In an architectural Olympics, the construction of this object would have a really high rating of technical difficulty — right up there in the nines. But the judges would have to deduct a few points: the expansion joints have the occasional alarming wobble, and the curved plaster sometimes goes a bit flat. But the cocoon is a brilliant conceit within a well thought-out and detailed framework.
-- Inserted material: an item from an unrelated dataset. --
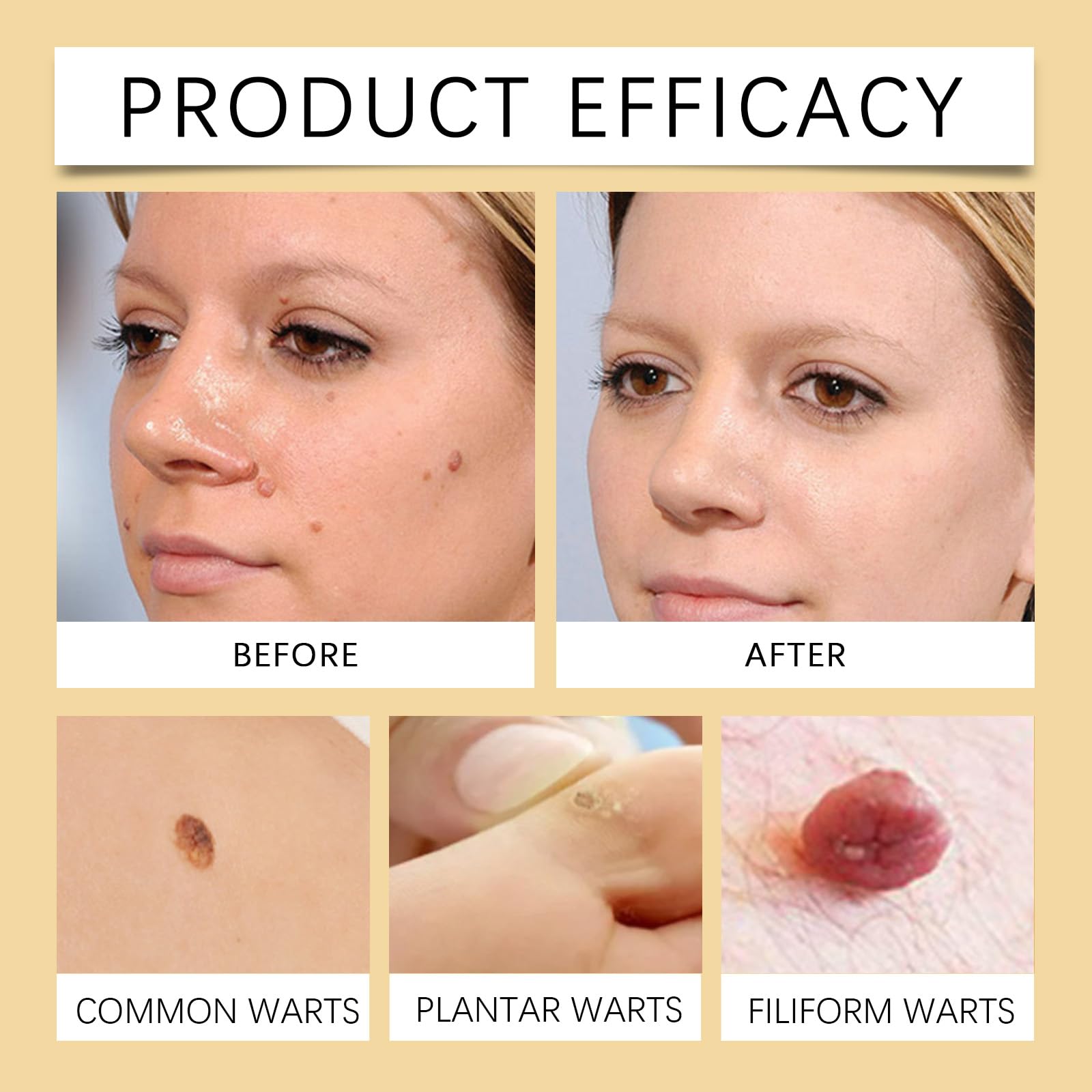 Display of MORKORIA 2-pack wart cream with sleek packaging.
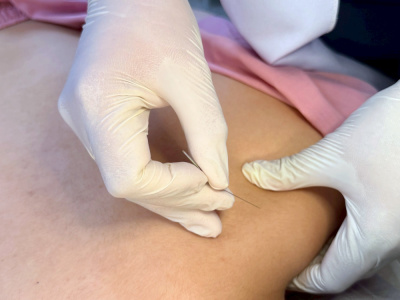 P.G. Clinic Pattaya คลินิกฝังเข็มพัทยาใต้ - Traditional Chinese Treatment in Progress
This object is inevitably and intentionally the centre of attention; it is there to see from the street and overwhelms you as you walk beside it in the tall narrow circulation slot that runs from the Waterhouse building north to HOK’s effort. No doubt both architect and client were aware of the need to indicate that this is only a fraction of the building’s area. Since the labs have no street facade — the building puts all its aesthetic efforts into this one gesture — other devices show that science is doing its everyday, and sometimes extraordinary, things. Hence the exquisite windows in the upper level visitor space that look into the working labs, and a variety of “glimpse” opportunities. Circulation routes for public and scientists don’t cross, but at many places are visible to each other.
How much attention Møller paid to the Waterhouse building is difficult to judge such is the quietness of its aesthetic moves. There is a modern equivalence of sheet glass with the self-cleaning and ultra-durable terracotta used by the Victorian, though terracotta is a plastic material and could be moulded into the Romanesque detail required by Waterhouse.
The closest this building comes to picking up on the original, ruthlessly symmetrical building is in its use of glazed roof and exposed steel, together with some rather good bridging between the cocoon and its enclosing volume. But where Waterhouse played with natural figures as decoration, Møller takes that challenge and discretely wraps it up inside a cocoon — future generations of architects will have to see what kind of metamorphosis is possible.